For the curve \( y = 3x^3 - 3x^2 + 1 \) at \( x = 1 \), find the equation of the tangent.

• A. \( y = 3x - 2 \)
• B. \( y = 3x - 3 \)
• C. \( y = 3x - 1 \)
• D. \( y = x + 1 \)

Hint:

To find the tangent equation quickly: 1. Differentiate the function to get the slope. 2. Substitute the given \(x\) value to find the slope \(m\). 3. Find the corresponding \(y\)-coordinate. 4. Use the point–slope formula \(y - y_1 = m(x - x_1)\).

Answer 1

The Correct Option is C

Concept: The equation of the tangent to a curve \(y = f(x)\) at \(x = a\) is given by: \[ y - f(a) = f'(a)(x - a) \] where:

• \(f'(a)\) is the slope of the tangent obtained using differentiation.
• \(f(a)\) is the point on the curve where the tangent touches.

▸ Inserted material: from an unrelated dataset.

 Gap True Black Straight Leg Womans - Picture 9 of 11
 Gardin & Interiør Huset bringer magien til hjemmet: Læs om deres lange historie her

Thus, we first find the derivative to determine the slope and then use the point–slope form of a straight line.
Step 1: {Differentiate the given function.} Given \[ y = 3x^3 - 3x^2 + 1 \] Differentiating with respect to \(x\): \[ \frac{dy}{dx} = 9x^2 - 6x \] This represents the slope of the tangent at any point \(x\).
Step 2: {Find the slope at \(x = 1\).} \[ m = 9(1)^2 - 6(1) \] \[ m = 9 - 6 = 3 \] Thus, the slope of the tangent is \(m = 3\).
Step 3: {Find the point on the curve at \(x = 1\).} Substitute \(x=1\) into the original equation: \[ y = 3(1)^3 - 3(1)^2 + 1 \] \[ y = 3 - 3 + 1 \] \[ y = 1 \] So the point of tangency is \[ (1,1) \]
Step 4: {Use the point–slope form of the tangent line.} \[ y - y_1 = m(x - x_1) \] Substituting \(m=3\), \(x_1=1\), \(y_1=1\): \[ y - 1 = 3(x - 1) \] \[ y - 1 = 3x - 3 \] \[ y = 3x - 2 \]